Free Realms Approaches the Five-Million-Player Mark
A few days ago at Comic-Con, Sony Online Entertainment president John Smedley spoke about the success of Free Realms, their free-to-play MMORPG that relies on microtransactions for a business model. The game was released at the end of April, and by mid-June there were upwards of three million registered users. Now that total is approaching five million, with no sign of slowing down. Min Kim, another panelist at the discussion, said, "When people started talking about it back in 2003 or 2004, people said Western games would never want to do this, to play a game for free and then buy items. And now everybody is saying, 'We're going to have microtransactions as part of our business model.'"
Well done to them.
If the game(s) are executed well, and you still can play the same game when -not- paying for it (or not get a severe advantage), I'll be playing it... and I might even buy some virtual stuff.
I've recently started playing Battlefield Heroes, and whereas I thought I wouldn't be fooled into buying silly virtual clothes, I've recently -did- do that, if not only because I think giving back five pounds of my money is a reasonable amount for the enjoyable content they delivered.
So yeah, let more free games come along, and I might try to compensate a company for their work (my main motivation for buying those items).
When you shoot a mime, do you use a silencer?
It's easy to get registrations for a free game, most of those require you to register to even download the client. Average concurrent users is a much better measure of a game's popularity. Then again I guess you could consider WoW China's business model to be microtransaction based (they pay a very small fee per hour instead of paying a larger fee per month), and that's responsible for a large part of WoW's playerbase. Numbers like that are always inflated as much as they can to make the game look better anyway.
Rampant carbon sequestration destroyed the Dinosaurs' tropical paradise. I'm here to help repair the damage.
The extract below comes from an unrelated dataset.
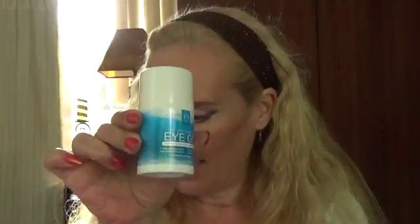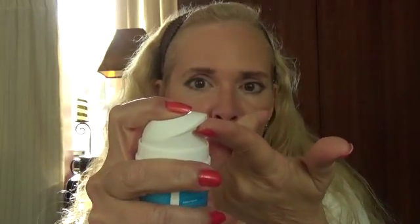Hi, I'm doing a review for InstaNaturals Youth Express Eye Gel. This is the bottle it comes in. It is a wide bottle so you can hold it nice and easy — it's not going to slip. And you can pump it. It is a gel, so be careful because it will dispense a lot.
Whenever one of these articles comes up, I'm always curious about maximums for:
- active accounts
- concurrent users
- concurrent users per server
- interacting users
It seems to me that we should differentiate between multiplayer and massively multiplayer based on the last one. And on the degree of interaction. After all, a bunch of single-player games and a chat box isn't an MMOG... I hope.
What a break from the usual parade of poorly-named free software products. "Free Realms" says it all. Free has that double meaning, and Realms tags it immediately as a swords-and-sorcery type thing. Makers of "the GIMP" and other unfortunate backronyms take note.
Shutting down free speech with violence isn't fighting fascism. It IS fascism!
Every time Free Realms crosses another million player milestone the same thing always gets implied.
The totals are always stated to be the unique number of players who have signed up for the game and actually played the game.
Anyone who has tried the game can easily see why Free Realms is such a massive hit. It appeals to three different demographics very well:
1. Burnt out hardcore MMORPG players who love being part of an online world but need a break from the hours of hardcore raiding or grinding they are use to
2. Kids and parents
3. Casual first time players who don't want to invent the insane time required for a standard MMORGP
Beyond that Sony's years of experience making MMORPGs really shows. The game is the most bug free and polished MMORPG I've ever seen. Everything is streamed from the very start. You can be playing live withing a few minutes of signing up. A tiny loader program is downloaded and you are good to go. No 10 gig all day downloading and patching just to try out the game like most MMORPGs require you to go through.
You can jump in and out at any time without worrying about dying or losing your stuff.
And the free versus pay is pretty much evenly divided so that you can easily play a half of the game without every paying a single penny.
The artwork is beautiful but it runs on just about any computer that someone would have at home today.
And it is just plain fun and relaxing. Sony absolutely nailed it with Free Realms. I wouldn't be surprised if the number of people playing gets into the 10-20 million range once the game hits the millions of PS3s already on the market.